BEIJING, Sept. 28 (Xinhua) -- The State Internet Information Office (SIIO) on Saturday denied that the recent crackdown on online rumor mongers is meant to rein in public opinion.
The online rumor crackdown will help protect the legal right to freedom of speech, said an unidentified official with the office in response to public concern following detainment of several Internet users over allegation of rumor spreading.
Several people, including some well-known Internet personalities, were detained for spreading or fabricating rumors on the Internet in a war waged by the SIIO aimed at maintaining an orderly online environment.
It is misleading to say "Xue Manzi" was arrested for his outspoken online speech, said the official, referring to the detainment of Chinese-American investor Xue Biqun.
"Xue was arrested for alleged group sex with prostitutes and other illegal acts, but it has nothing to do with his identity as an online celebrity," the official added.
China unveiled new rules to create judicial boundaries for criminal online speech or conduct early this month.

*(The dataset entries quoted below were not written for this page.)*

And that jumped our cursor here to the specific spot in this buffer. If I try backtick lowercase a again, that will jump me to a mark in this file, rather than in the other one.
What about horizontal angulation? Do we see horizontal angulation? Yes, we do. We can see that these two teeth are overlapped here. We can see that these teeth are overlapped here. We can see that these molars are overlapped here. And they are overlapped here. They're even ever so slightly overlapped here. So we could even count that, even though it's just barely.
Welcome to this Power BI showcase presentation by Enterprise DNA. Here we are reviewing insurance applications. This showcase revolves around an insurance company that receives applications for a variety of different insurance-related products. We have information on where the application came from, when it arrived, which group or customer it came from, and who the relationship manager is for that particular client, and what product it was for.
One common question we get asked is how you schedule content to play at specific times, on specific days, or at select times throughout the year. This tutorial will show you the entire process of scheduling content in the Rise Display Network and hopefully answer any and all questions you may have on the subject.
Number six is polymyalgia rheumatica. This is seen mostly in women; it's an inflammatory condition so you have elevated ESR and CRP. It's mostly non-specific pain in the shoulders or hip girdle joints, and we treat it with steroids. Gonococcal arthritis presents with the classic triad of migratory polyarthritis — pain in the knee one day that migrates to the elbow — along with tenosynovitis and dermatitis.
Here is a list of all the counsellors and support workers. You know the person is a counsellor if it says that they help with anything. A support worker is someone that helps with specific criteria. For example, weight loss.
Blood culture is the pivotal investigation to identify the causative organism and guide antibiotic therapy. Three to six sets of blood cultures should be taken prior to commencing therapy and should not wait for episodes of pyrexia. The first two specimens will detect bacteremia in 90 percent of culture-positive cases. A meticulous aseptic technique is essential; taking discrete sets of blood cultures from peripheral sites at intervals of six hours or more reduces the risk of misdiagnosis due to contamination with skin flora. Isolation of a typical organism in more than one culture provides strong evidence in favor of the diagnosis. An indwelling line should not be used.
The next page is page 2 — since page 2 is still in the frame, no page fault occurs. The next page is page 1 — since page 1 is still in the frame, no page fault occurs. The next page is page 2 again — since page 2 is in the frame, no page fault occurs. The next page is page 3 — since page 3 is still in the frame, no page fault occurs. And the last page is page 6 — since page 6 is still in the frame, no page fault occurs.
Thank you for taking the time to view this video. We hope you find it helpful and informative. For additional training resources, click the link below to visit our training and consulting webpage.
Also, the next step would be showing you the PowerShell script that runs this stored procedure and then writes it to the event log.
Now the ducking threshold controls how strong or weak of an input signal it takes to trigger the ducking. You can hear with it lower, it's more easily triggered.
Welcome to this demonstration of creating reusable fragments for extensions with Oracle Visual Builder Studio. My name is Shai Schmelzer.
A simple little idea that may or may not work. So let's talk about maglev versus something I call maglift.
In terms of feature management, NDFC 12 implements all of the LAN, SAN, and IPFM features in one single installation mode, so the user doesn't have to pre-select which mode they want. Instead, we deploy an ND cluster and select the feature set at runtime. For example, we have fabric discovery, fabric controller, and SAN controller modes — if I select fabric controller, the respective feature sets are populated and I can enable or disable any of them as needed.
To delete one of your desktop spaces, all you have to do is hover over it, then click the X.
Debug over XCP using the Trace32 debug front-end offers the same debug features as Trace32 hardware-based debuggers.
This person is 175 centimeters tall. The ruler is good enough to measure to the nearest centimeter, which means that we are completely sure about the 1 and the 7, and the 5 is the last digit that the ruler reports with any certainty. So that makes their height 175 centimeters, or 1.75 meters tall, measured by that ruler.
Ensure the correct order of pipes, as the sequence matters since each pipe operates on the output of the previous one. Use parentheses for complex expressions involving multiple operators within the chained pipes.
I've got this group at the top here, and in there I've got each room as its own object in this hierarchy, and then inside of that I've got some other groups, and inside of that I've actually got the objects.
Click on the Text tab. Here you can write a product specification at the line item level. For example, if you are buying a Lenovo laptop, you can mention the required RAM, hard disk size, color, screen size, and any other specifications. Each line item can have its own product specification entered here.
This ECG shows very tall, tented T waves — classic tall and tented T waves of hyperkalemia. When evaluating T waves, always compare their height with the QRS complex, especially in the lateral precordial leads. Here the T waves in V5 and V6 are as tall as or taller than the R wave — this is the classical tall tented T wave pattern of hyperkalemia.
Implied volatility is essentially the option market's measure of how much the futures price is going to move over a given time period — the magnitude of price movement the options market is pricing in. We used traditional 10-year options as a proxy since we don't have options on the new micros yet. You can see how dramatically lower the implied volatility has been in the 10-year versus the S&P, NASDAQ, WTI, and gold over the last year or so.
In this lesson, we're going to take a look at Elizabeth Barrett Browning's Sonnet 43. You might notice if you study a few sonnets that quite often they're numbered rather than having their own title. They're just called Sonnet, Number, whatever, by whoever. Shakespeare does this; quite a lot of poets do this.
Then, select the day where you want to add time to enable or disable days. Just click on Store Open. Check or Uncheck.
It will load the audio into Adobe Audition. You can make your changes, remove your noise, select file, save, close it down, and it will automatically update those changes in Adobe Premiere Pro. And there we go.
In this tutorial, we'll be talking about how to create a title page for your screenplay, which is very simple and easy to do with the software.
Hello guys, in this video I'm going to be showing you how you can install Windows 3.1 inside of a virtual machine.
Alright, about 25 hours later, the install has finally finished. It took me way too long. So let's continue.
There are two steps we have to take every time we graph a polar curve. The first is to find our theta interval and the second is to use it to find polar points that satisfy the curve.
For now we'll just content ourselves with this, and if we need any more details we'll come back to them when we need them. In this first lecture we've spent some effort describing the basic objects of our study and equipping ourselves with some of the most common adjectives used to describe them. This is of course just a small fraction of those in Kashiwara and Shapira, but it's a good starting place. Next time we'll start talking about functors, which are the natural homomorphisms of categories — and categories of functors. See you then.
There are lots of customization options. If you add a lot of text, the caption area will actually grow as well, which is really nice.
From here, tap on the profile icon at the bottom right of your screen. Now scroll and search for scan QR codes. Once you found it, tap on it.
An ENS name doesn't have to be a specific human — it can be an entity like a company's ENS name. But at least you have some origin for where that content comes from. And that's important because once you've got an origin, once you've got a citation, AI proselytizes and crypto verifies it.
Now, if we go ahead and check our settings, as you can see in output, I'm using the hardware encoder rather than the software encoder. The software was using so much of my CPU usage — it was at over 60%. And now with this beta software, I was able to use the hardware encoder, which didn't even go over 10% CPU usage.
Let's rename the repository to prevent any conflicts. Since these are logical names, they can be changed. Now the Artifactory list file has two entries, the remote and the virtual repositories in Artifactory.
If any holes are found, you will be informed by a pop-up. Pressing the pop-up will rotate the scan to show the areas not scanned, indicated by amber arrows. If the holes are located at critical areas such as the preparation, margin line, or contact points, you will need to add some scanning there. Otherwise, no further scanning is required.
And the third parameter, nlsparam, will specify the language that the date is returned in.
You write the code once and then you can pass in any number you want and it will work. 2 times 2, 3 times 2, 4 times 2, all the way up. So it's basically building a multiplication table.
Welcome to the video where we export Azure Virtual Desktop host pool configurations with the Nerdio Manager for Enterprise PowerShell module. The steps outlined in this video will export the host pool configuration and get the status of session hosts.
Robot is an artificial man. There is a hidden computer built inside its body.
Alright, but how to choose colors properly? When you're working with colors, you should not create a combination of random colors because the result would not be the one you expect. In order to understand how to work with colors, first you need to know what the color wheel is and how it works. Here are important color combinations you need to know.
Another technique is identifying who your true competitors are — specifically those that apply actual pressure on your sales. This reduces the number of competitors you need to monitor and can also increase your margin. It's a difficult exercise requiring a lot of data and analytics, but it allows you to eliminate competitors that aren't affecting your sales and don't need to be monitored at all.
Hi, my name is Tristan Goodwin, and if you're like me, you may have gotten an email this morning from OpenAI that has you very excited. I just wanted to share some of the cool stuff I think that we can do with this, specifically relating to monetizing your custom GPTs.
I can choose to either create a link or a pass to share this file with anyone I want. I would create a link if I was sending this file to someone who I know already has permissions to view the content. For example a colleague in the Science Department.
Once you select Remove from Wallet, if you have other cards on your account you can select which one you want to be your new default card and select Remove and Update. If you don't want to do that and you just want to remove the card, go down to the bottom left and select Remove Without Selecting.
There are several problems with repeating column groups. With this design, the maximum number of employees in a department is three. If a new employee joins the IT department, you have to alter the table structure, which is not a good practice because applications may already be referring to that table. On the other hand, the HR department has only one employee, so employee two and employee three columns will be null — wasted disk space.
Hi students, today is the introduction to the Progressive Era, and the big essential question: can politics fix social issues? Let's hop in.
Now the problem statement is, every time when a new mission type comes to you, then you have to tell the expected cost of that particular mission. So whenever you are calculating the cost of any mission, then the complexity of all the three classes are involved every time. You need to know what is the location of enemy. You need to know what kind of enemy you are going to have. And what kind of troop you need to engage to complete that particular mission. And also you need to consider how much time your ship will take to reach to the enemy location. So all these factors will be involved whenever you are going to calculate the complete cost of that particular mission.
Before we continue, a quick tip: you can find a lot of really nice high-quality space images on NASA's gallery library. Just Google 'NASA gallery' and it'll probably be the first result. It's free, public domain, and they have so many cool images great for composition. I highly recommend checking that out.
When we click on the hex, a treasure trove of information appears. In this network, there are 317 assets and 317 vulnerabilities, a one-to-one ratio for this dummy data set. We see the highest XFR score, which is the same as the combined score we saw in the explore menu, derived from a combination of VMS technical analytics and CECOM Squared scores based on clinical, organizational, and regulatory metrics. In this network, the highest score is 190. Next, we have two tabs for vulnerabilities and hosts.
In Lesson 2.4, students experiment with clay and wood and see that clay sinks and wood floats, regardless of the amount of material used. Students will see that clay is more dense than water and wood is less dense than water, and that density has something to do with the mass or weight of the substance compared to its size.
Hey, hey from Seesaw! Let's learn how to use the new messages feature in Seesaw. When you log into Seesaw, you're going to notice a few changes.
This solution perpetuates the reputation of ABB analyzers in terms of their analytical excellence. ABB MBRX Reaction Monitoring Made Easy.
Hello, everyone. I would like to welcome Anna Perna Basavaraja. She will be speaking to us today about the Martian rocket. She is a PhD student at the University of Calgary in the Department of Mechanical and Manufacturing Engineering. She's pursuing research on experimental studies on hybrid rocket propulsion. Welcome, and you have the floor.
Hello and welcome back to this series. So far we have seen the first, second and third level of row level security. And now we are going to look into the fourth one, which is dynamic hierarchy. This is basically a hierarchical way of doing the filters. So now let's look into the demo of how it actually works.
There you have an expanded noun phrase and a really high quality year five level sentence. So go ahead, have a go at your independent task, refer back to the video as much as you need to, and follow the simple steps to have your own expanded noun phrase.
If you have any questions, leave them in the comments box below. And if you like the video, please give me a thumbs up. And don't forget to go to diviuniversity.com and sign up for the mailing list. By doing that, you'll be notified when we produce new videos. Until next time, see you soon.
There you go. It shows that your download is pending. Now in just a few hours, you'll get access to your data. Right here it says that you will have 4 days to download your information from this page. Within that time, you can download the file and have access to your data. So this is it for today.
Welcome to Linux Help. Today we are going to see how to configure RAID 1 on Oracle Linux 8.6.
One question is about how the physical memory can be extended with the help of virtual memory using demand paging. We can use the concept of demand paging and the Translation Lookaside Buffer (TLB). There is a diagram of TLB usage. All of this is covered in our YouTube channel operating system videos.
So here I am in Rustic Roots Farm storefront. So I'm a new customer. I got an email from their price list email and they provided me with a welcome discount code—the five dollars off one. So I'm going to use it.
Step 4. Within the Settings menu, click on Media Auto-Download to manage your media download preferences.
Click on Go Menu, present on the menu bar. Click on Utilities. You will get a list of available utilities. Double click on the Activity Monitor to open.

According to a judicial interpretation issued by China's top court and procuratorate, individuals will face defamation charges if the online rumors they create are viewed by at least 5,000 Internet users or retweeted 500 or more times.
"It should be differentiated between people who fabricate or spread rumors on purpose and those who do so unintentionally," the official said.
Network service providers will also bear joint liability if they are found to have spotted online violations by their clients but fail to curb illegal activities, the official said.